--- START ---

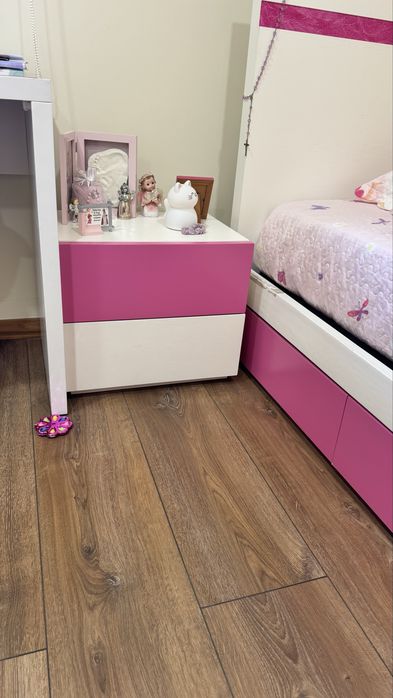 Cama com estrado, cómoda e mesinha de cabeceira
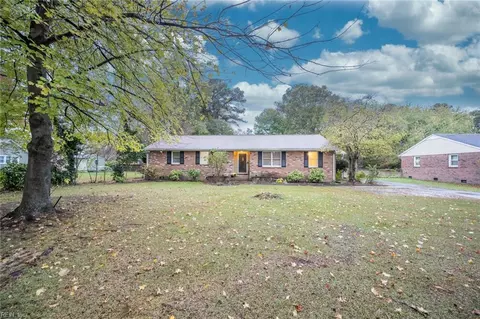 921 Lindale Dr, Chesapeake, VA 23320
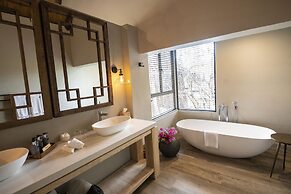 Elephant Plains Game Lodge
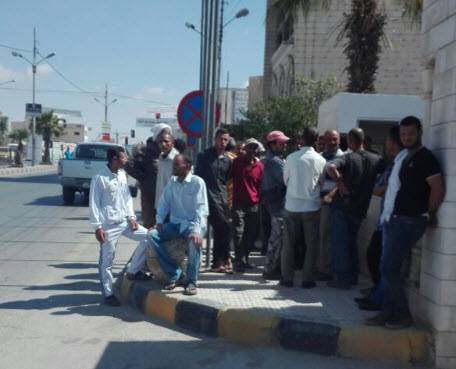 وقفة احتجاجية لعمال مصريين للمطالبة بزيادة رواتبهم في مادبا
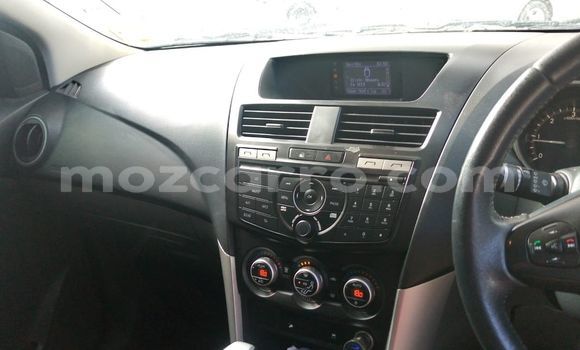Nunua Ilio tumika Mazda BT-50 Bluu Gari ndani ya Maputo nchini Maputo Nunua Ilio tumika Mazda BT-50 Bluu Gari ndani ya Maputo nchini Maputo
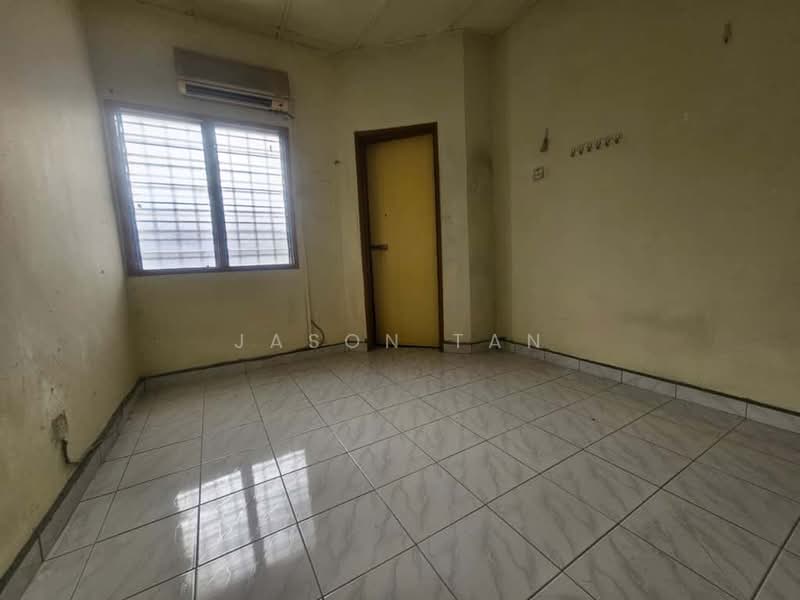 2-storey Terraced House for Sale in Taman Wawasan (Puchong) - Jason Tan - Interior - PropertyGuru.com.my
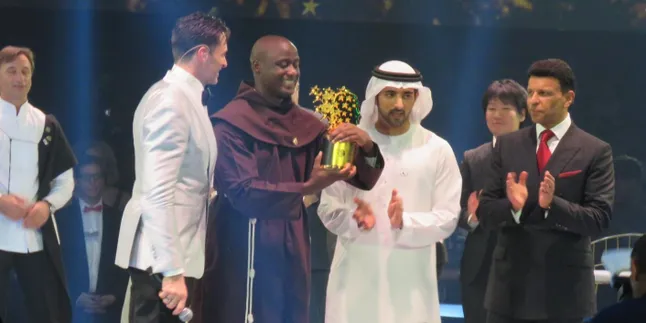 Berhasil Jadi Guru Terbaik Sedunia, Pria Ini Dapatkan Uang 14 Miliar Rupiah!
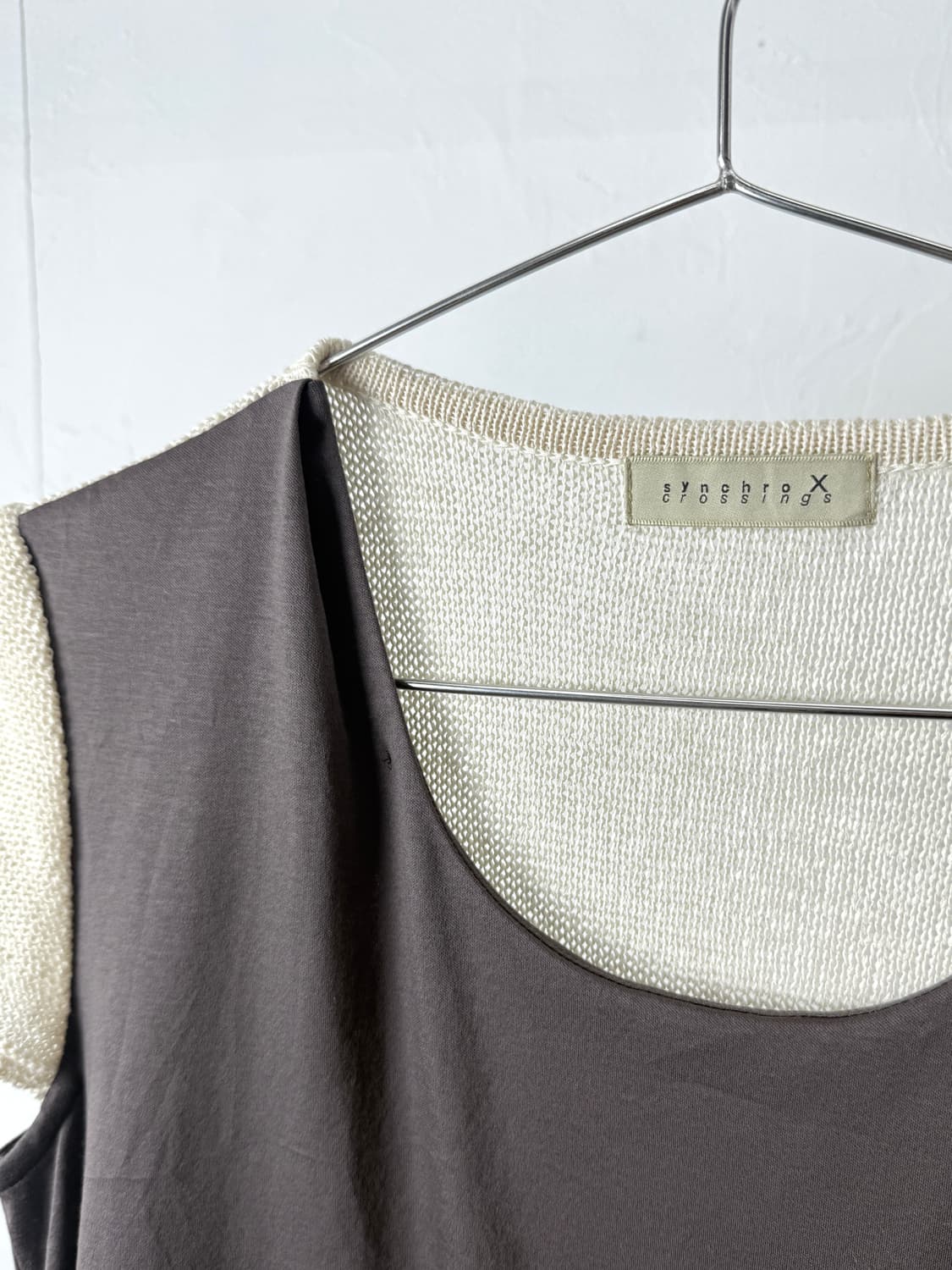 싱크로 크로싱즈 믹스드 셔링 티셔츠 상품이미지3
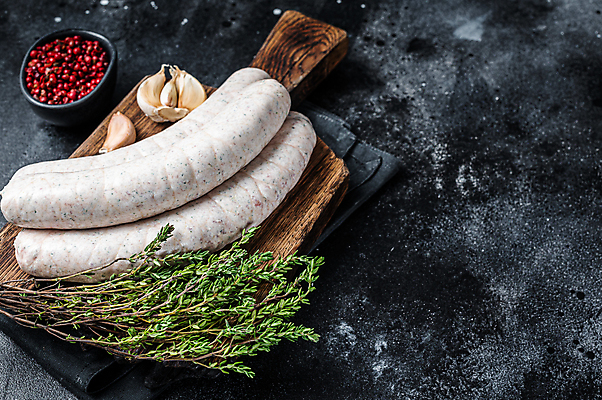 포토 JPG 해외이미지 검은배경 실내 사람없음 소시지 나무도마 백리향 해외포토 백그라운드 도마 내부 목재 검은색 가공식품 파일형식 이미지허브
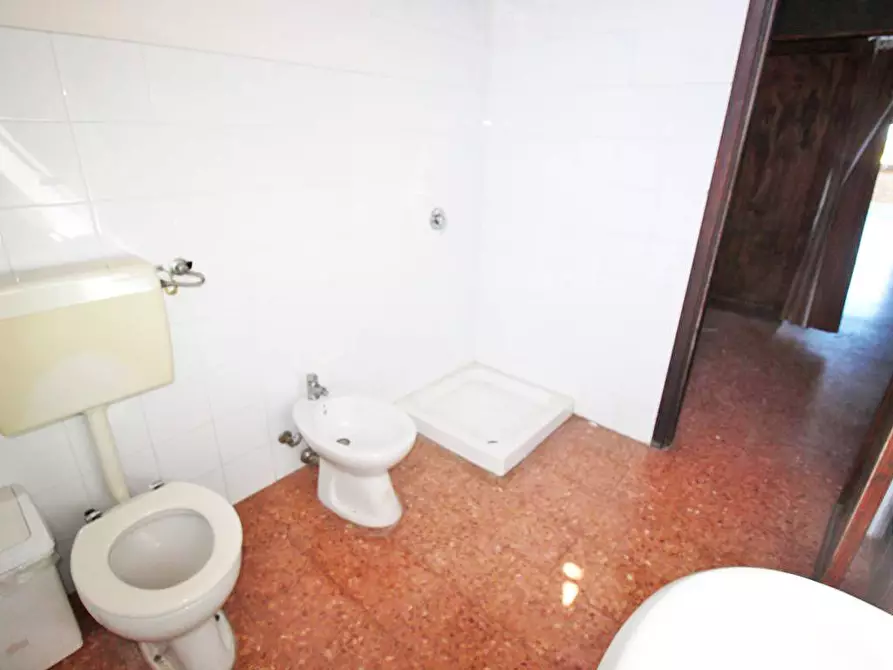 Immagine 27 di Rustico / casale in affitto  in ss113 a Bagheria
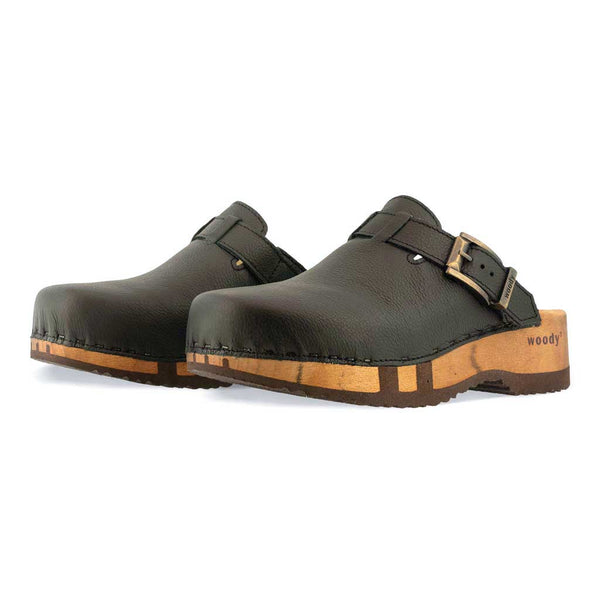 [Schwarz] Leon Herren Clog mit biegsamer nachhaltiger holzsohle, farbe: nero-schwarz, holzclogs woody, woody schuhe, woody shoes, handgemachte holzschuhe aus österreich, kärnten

--- END ---

Requirement: Without including any pictures, print all of the material exactly as given.

Answer section:
 Cama com estrado, cómoda e mesinha de cabeceira
 921 Lindale Dr, Chesapeake, VA 23320
 Elephant Plains Game Lodge
 وقفة احتجاجية لعمال مصريين للمطالبة بزيادة رواتبهم في مادبا
Nunua Ilio tumika Mazda BT-50 Bluu Gari ndani ya Maputo nchini Maputo Nunua Ilio tumika Mazda BT-50 Bluu Gari ndani ya Maputo nchini Maputo
 2-storey Terraced House for Sale in Taman Wawasan (Puchong) - Jason Tan - Interior - PropertyGuru.com.my
 Berhasil Jadi Guru Terbaik Sedunia, Pria Ini Dapatkan Uang 14 Miliar Rupiah!
 싱크로 크로싱즈 믹스드 셔링 티셔츠 상품이미지3
 포토 JPG 해외이미지 검은배경 실내 사람없음 소시지 나무도마 백리향 해외포토 백그라운드 도마 내부 목재 검은색 가공식품 파일형식 이미지허브
 Immagine 27 di Rustico / casale in affitto  in ss113 a Bagheria
 [Schwarz] Leon Herren Clog mit biegsamer nachhaltiger holzsohle, farbe: nero-schwarz, holzclogs woody, woody schuhe, woody shoes, handgemachte holzschuhe aus österreich, kärnten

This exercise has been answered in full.